McAllister is challenging the targeting of Lyman, arguing that his services are similar to other natural medicine providers.
“We filed formal discovery requests on the state to find out why they’ve been targeting Darren vs the many others out there engaged in this conduct,” McAllister tells Westword.
Under the new language in 1325, McAllister says, a person cannot simply teach someone about mushrooms, dosage, risks and safe use, and then send that person home with microdoses. If the person is paid and natural medicine is shared, he says, the support must happen concurrently with the consumption.

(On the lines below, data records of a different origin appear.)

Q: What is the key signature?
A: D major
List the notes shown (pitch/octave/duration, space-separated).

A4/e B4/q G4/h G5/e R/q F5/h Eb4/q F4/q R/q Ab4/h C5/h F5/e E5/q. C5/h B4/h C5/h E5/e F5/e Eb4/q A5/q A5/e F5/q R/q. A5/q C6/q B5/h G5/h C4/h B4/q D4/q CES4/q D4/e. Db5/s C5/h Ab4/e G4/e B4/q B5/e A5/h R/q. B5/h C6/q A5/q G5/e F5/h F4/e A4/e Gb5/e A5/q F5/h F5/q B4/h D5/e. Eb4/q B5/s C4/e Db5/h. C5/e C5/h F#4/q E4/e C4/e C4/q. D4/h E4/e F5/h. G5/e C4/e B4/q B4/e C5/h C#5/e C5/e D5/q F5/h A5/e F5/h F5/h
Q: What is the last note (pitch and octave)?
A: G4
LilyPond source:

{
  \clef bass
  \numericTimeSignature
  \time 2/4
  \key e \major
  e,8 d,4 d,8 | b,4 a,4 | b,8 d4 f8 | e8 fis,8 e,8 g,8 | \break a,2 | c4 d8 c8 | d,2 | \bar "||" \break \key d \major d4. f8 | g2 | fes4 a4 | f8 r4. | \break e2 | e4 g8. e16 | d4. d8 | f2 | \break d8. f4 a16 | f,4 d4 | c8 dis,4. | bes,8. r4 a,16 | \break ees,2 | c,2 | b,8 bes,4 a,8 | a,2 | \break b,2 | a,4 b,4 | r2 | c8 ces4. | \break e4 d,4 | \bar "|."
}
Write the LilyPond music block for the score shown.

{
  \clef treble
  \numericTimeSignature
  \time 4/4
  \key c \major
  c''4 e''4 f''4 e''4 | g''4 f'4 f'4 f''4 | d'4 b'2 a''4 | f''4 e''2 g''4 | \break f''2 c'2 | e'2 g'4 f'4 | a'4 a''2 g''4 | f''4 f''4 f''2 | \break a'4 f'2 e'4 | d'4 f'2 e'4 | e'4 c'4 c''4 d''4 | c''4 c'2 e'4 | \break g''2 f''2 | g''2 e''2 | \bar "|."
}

“You can’t just educate somebody, they take the microdoses home and use them on their own,” McAlllister says. “You have to be with them potentially for hours at a time.”
That will raise costs and push more people toward the expensive regulated psilocybin healing center system, where a full session can cost thousands of dollars, he argues.
“I’m a supporter of the regulated model,” McAllister adds. “I think it’s great for people that want a state-regulated option. But it’s thousands of dollars to get prep, administration and integration.”
The problem isn’t just the language, according to McAllister, but how the language arrived.
“I’m not aware of any public engagement on this,” he says. “I didn’t hear that anybody went and testified about these significant changes to the decriminalization.”
Feret says the changes came out of conversations with the governor’s office and were meant to clarify advertising, marketing and responsible use.
“We needed some clarifying points in terms of how we operate, how we advertise, what is considered appropriate advertising,” says the state rep. “You can’t be saying, ‘We’re going to sell you some mushrooms and it’s going to cure you from your heroin addiction.'”
Asked whether the bill is aimed at the practice of charging for education or harm reduction while gifting natural medicine, Feret says the intent is to keep natural medicine use supervised.